The Oxford English Dictionary defines recursion as the repeated use of a recursive technique or term.

When a function calls itself repeatedly until it meets a stated stopping condition, this is referred to as recursion. This type of function is known as a recursive function.

The technique of explaining an action in terms of itself is known as recursion.

Use of Recursion:

In general, recursive code is shorter and easier to write than iterative code. When loops are built or interpreted, they are generally transformed into recursive functions. Recursion is most useful for activities that can be broken down into smaller subtasks.

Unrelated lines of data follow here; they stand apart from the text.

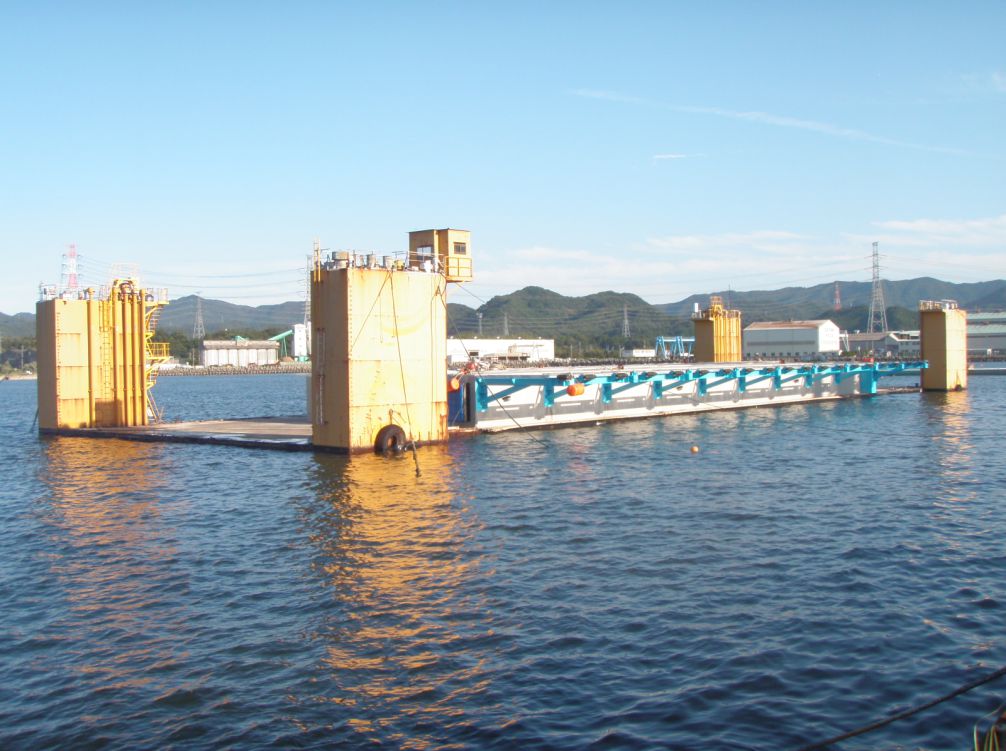 佐賀関漁港浮桟橋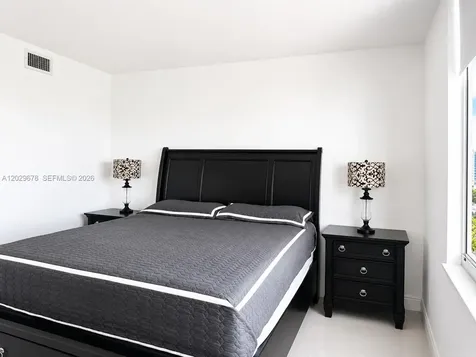 325 S Biscayne Boulevard Miami FL 33131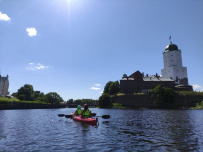 Прогулка вокруг парка Монрепо на каяках (байдарках)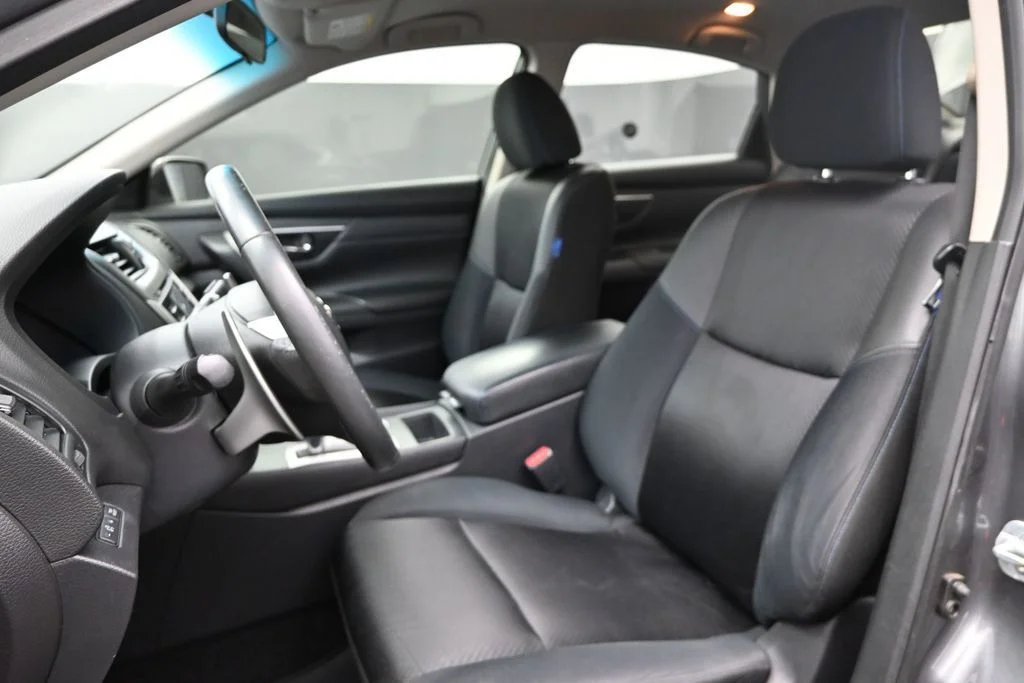 Used 2017 Gray Nissan 2.5 SR image 18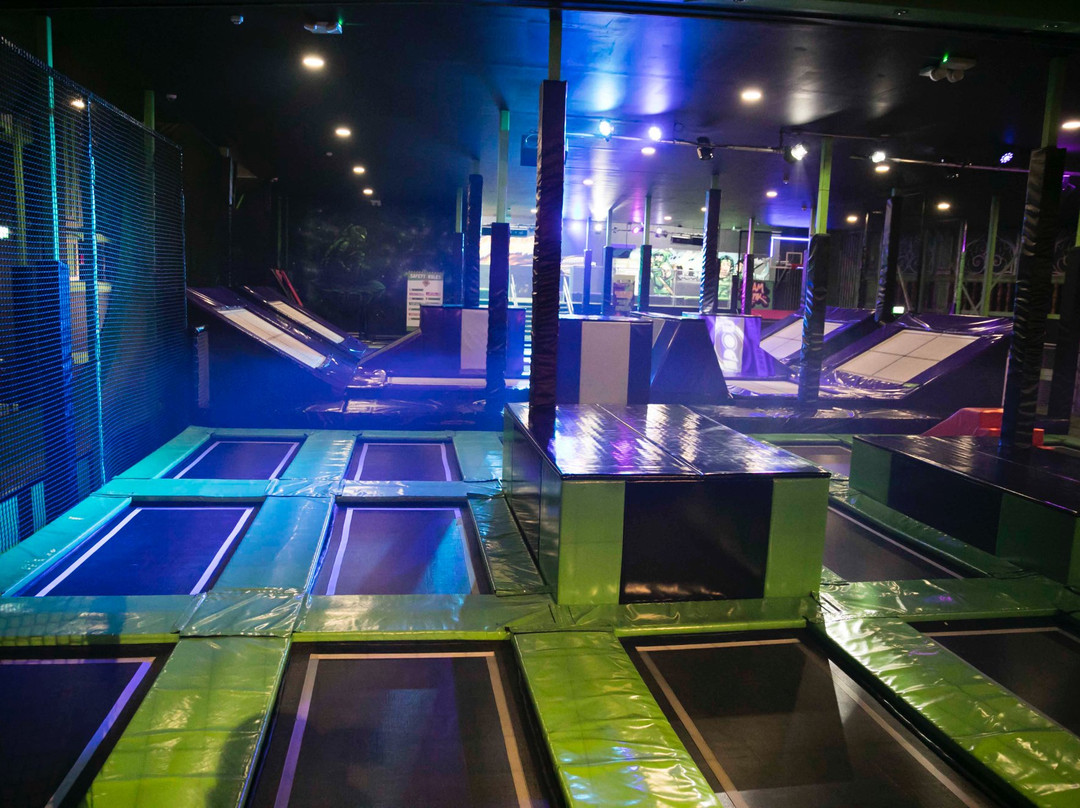 East Ham旅游景点-Flip Out E6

Format of Recursive Function:

A recursive function is made up of two major components:

Base Case: The base case is where all further calls to the same function end, implying that no additional recursive calls are made.
Recursive Case: In the recursive case, the function calls itself till it reaches the base case.
The answer to the primary problem is represented in terms of lesser problems until the smallest problem meets the base case in a recursive function.

Tower of Hanoi:

It is a mathematical puzzle game in which three identical rods and n discs of varying sizes are used. In the first rod, the discs are positioned so that the largest disc is at the bottom and the smallest is at the top. To complete the puzzle, put the discs in the same order in the final rod via the middle rod.

Rules of Towers of Hanoi:

At any given time, only one disc can be transferred.
Each move requires taking the uppermost disc from one of the stacks and placing it on top of another, i.e. a disc can only be moved if it is the uppermost disc on a stack.
A larger disc may not be stacked on top of a smaller disc.

Examples:

Example1:

Input:

given number of disks = 3

Output:

Move disk [1] from rod [ A ] to rod { C }
Move disk [2] from rod [ A ] to rod { B }
Move disk [1] from rod [ C ] to rod { B }
Move disk [3] from rod [ A ] to rod { C }
Move disk [1] from rod [ B ] to rod { A }
Move disk [2] from rod [ B ] to rod { C }
Move disk [1] from rod [ A ] to rod { C }

Example2:

Input:

given number of disks = 4

Output:

Move disk [1] from rod [ A ] to rod { B }
Move disk [2] from rod [ A ] to rod { C }
Move disk [1] from rod [ B ] to rod { C }
Move disk [3] from rod [ A ] to rod { B }
Move disk [1] from rod [ C ] to rod { A }
Move disk [2] from rod [ C ] to rod { B }
Move disk [1] from rod [ A ] to rod { B }
Move disk [4] from rod [ A ] to rod { C }
Move disk [1] from rod [ B ] to rod { C }
Move disk [2] from rod [ B ] to rod { A }
Move disk [1] from rod [ C ] to rod { A }
Move disk [3] from rod [ B ] to rod { C }
Move disk [1] from rod [ A ] to rod { B }
Move disk [2] from rod [ A ] to rod { C }
Move disk [1] from rod [ B ] to rod { C }

Program to Implement Tower of Hanoi Using Recursion in Python

1)Using Recursion(Static Input)

Approach:

  • Give the number of discs as static input and store it in a variable.
  • Create a recursive function called tower of Hanoi and pass two arguments: the number of discs n and the names of the rods such as source, aux, and destination.
  • When the number of discs is one, we can define the base case. Simply move the single disc from source to target and return in this scenario.
  • Now, use the target as the auxiliary to shift the remaining n-1 discs from source to auxiliary.
  • The remaining 1 disc then moves from source to target.
  • Use the source as the auxiliary to move the n-1 discs on the auxiliary to the target.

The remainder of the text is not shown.